BC!!!!!!!!! definitely the place to go if your into being a forest freak  the old growth on Van isle is crazy wonderful. Trees are huuuuge, and theres like, a million types of berries in the clear cuts and in some places theres wooden board walks that wind through the forest, like some kinda e-wok village shit! Check out carmana-walbran valley but don't get lost in the labyrinth's of logging roads...I cant wait to go back there!


----------



## aneurysmamanda

i think i definitly have to make it out to BC haha everyones saying to go out there, which doesn't surprise me because western canada is fucking sweet.


----------



## trangus

yeah, im back in canadia. back in vic-boring-a. its a kewl place if u got a cool crew. food not bombs every sunday across the road from mickey d's. gr8 dumpsters. vics ok, its like the california of canada. i hate the cold so this is my winter place. goin east soon. got a buddy with inside scoop on hotshots from kamloops to toronto. sounds fun for a first hop.was gonna go last month, but alas i was deported.ohwell, buddy got frostbite anyway. poor lurch!


----------



## aneurysmamanda

i heard victoria is pretty but...thats it haha, i don't blame you for hating the cold i'm stuck in it!! but good luck on your first hop down to toronto, come and pluck me from this frozen hell hole hehe


----------



## Mady

It may be alarmist, but just in case, never hitchhike without mace.


----------



## londontapwater

A couple of years ago i hitched from Newfoundland to Alaska(with a little train hopping chucked in) and found it,apart from a few places in Quebec,a breeze.



The only time i got stopped by a cop was some place in Saskatchewan and he basically hung around for a while and bitched about moving out there from Toronto with his wife!



Got picked up by lots of different folks:more poor than rich(which always seems to be the case),more men than couples,more couples than women.

Had a few mildly dodgey experiences in Quebec but I'm big-enough and ugly enough to look after myself.



The Maritimes and the Yukon seem to be easier than all the bits in between.

Ive hitched all over 

Australia and newZealand and would put Canada up there with with ease of getting rides and the general friendliness of the natives


----------



## Teko

would you pm me more specifics about canada? i am looking to move that way probably start of spring, i love backpacking and i have always lusted after canada's mountains, and in general, canada.


----------



## peaceofreese

i just hitched to montreal from boston a couple months ago.. its not hard getting rides over the border but if you need to you can walk over to get back home right in the car lanes (i was a little surprised that border patrol still lets that happen).. i couldnt catch a ride going all the way into the states. just remember it really is a different country be ready or it would be overwhelming.

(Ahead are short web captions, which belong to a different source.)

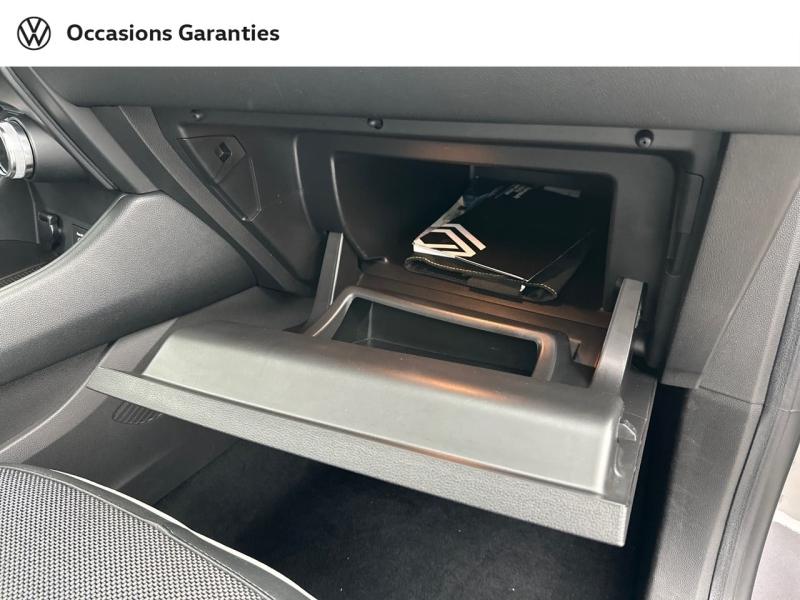 Voitures occasions RENAULT CAPTUR Intens Paris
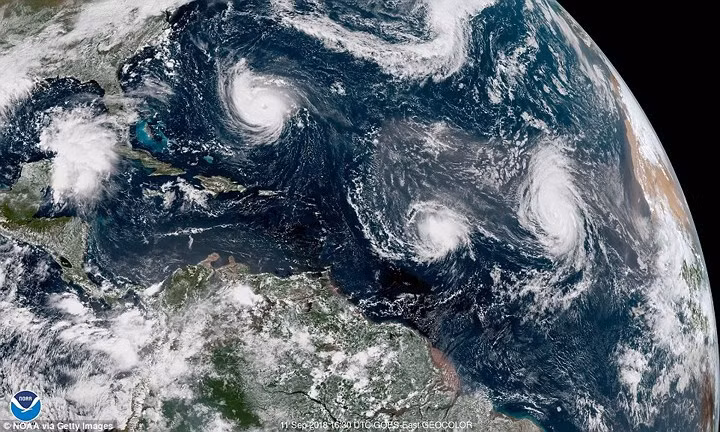 Hình ảnh vệ tinh về bộ 3 bão đang phát triển trên Đại Tây Dương (từ trái sang phải): Florence, Issac, Helene.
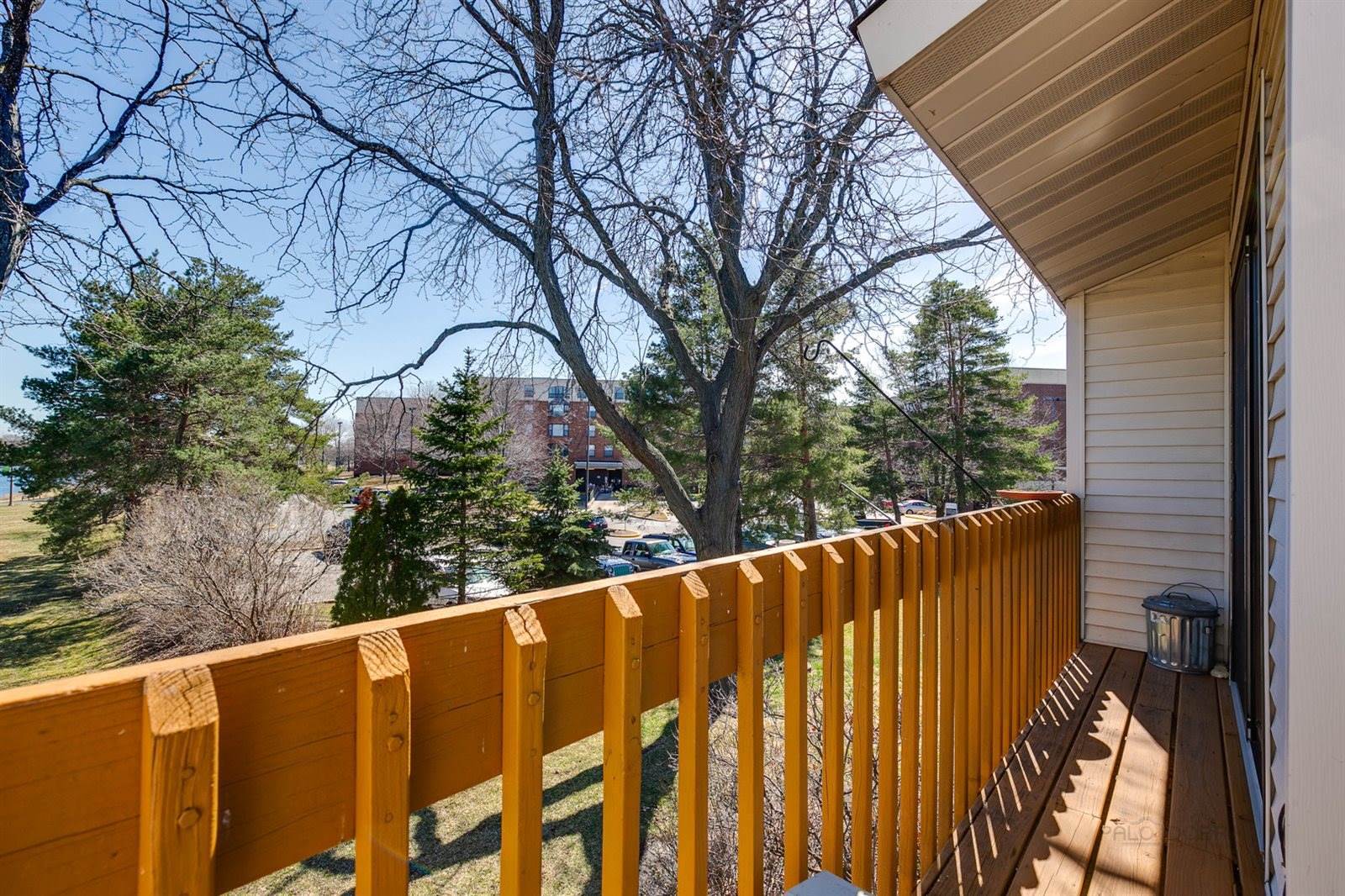 931 Market Court, Vernon Hills, IL 60061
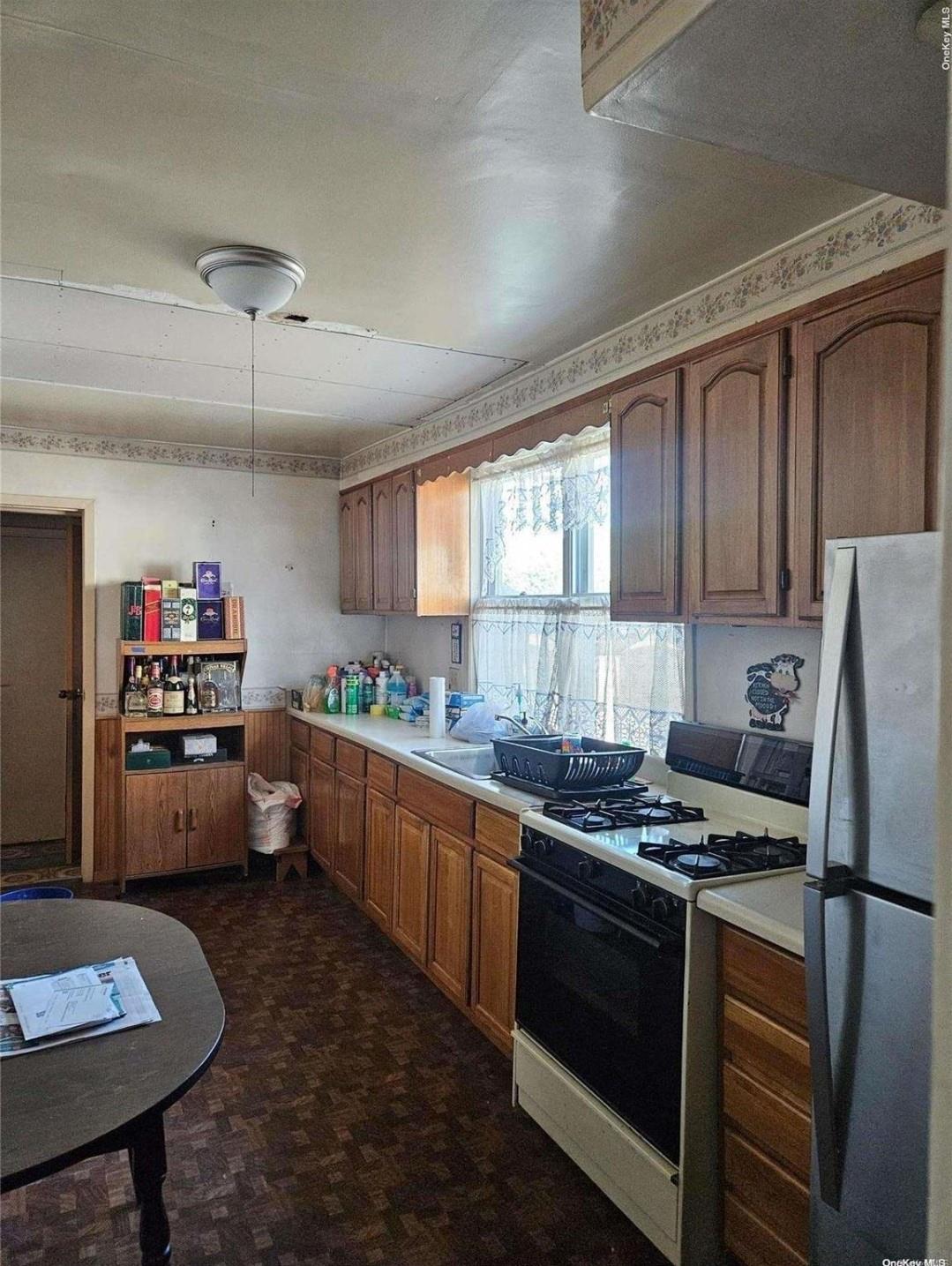27 Cedar Road, Inwood, New York image 4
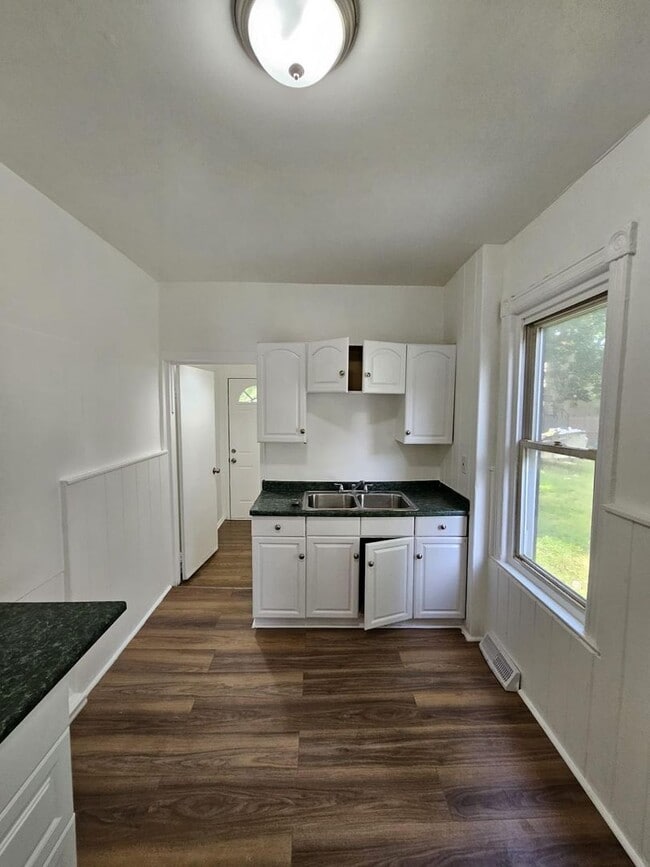 Building Photo - 3 bed 1 bath Rental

And the french think its weird when you dont have a sign saying where youre going


----------



## bucksaw

if you rode in on train you could get by w/ no i.d. if you have to hitch while in Canada and you dont wanna go back 2 the states dont bring i.d. tell n e one yer from vancover, if your english is good enough. try to hop a ride back in to states there are some areas whre you can go thru safely vaxis security thing, hitchin is hard towrds the border to the states. be carefull of bugs VG park montreal.


----------